While the title is quite obnoxious, the author is right.

I don't think that anyone would argue against standardizing training for any model on ways of invoking tools through specific output templates (with MCP being an extension of that). However, the question is what is the best way of having the model use those tools? There are 2 options

1 - Encode actual functionality during training, let the model figure out how to use available tools to do what it needs to. Latest Claude models are a good example of this, when editing files if it encounters issues with the under the hood tool, it will write a bash python command to edit the file

2 - Describe functionality in instruction context. This allows you to define complex sequences of things to do, but at the risk of the model losing context as the conversation continues.

3 - Use tool calling, where every request gets an available tools section appended to it, and define the complex functionality in the static code (whether its local tools or MCP servers)

Ideally, if we are pushing towards smarter models, the answer is between 1 and 2, where you have a model that only has access to be able to run shell commands, and some memory that it can reference on sequences of shell commands to run.

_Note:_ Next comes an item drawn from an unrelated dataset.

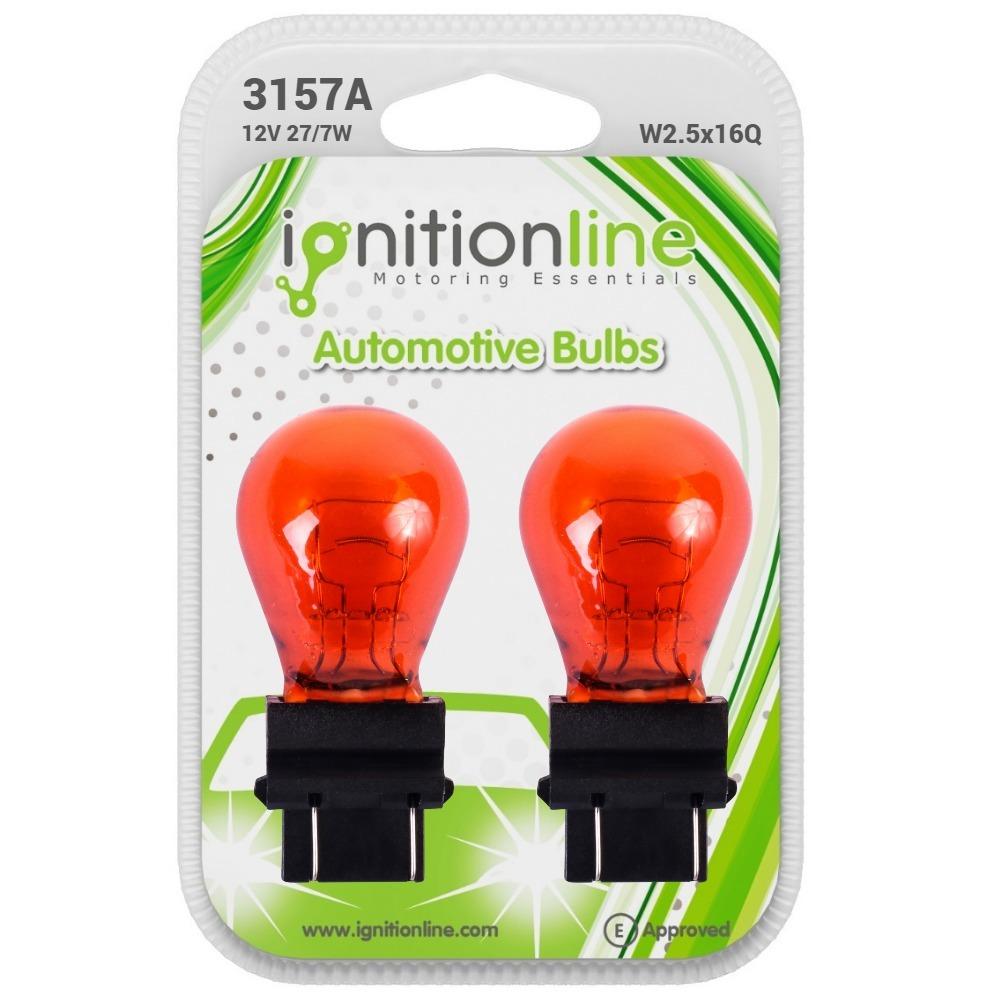 3157A 12V 27/7W Amber Indicator Wedge Bulbs (Pack of 2)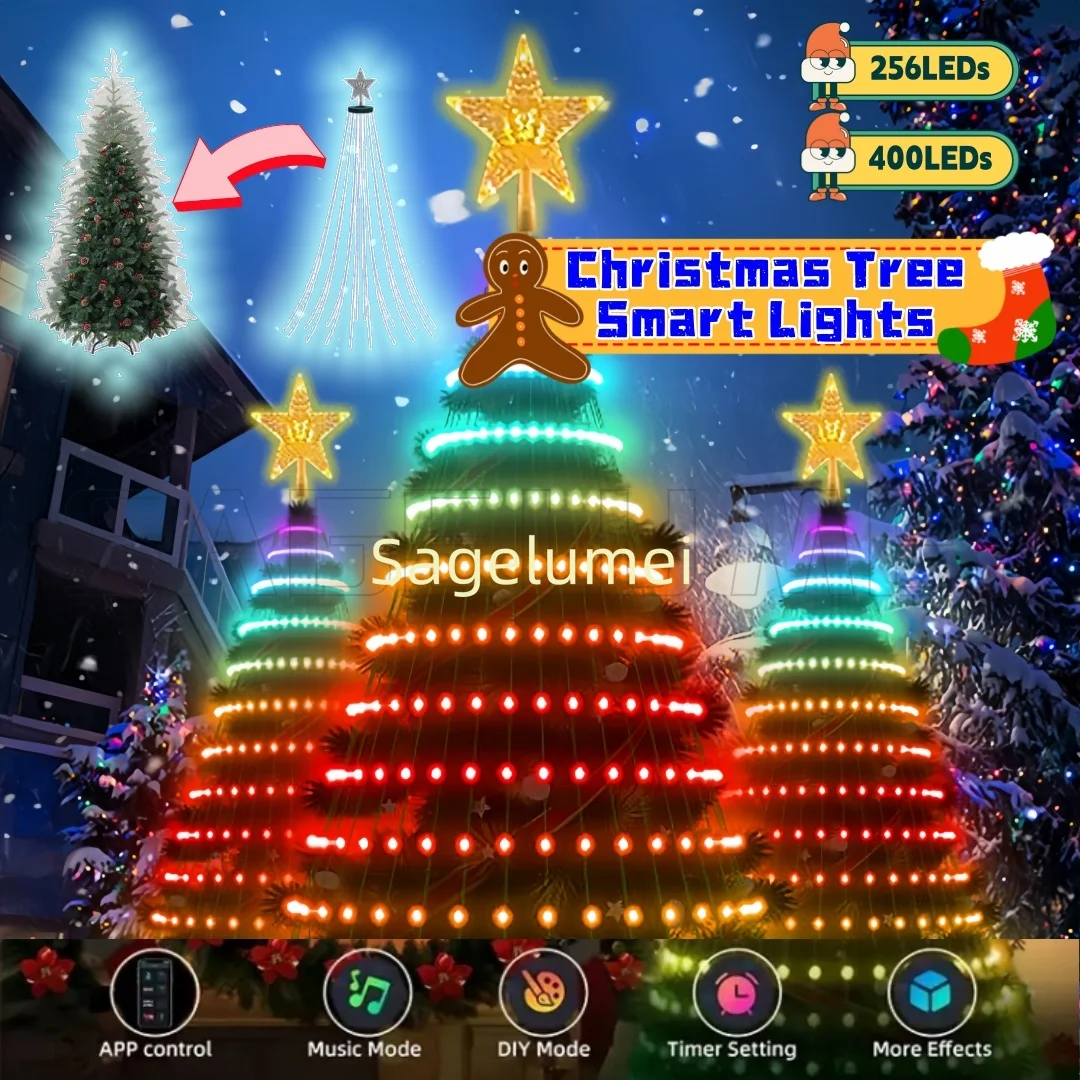 DIY Christmas Tree Garland Lights DIY Picture LED RGB String Light Bluetooth Control LED String Xmas Christmas Lights Smart APP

An MCP invocation is then a simple echo jsonrpc pipe to local executable or a curl command. Eventually, its probably worthwhile to have your LLM run in a CPU like sandbox where it can execute arbitrary assembly commands from sequences stored in memory to do what it needs to do.

Until then, 2 and 3 are really what we have for adapting with current frameworks.

  • No. The author is wrong. If you’re still using single model/context then it’s kinda your own fault for using things poorly.

[flagged]

  • Then don't read the article, and don't post your Human Slop to this discussion. With your incurious attitude and performative compulsion to proudly announce your cultivated self imposed ignorance instead of contributing to the discussion, it would be best for everyone if you just deleted your account. Your best hope is to go find a job in the Trump Administration regulating AI, where you'll fit in perfectly.

I don't know about it being dead, but i certainly stopped using it because it kills the context. A huge amount of tokens are wasted to mcp when in use. Skills use far fewer tokens. From my experience anyway. I'm also not advanced enough so maybe I'm not using it right.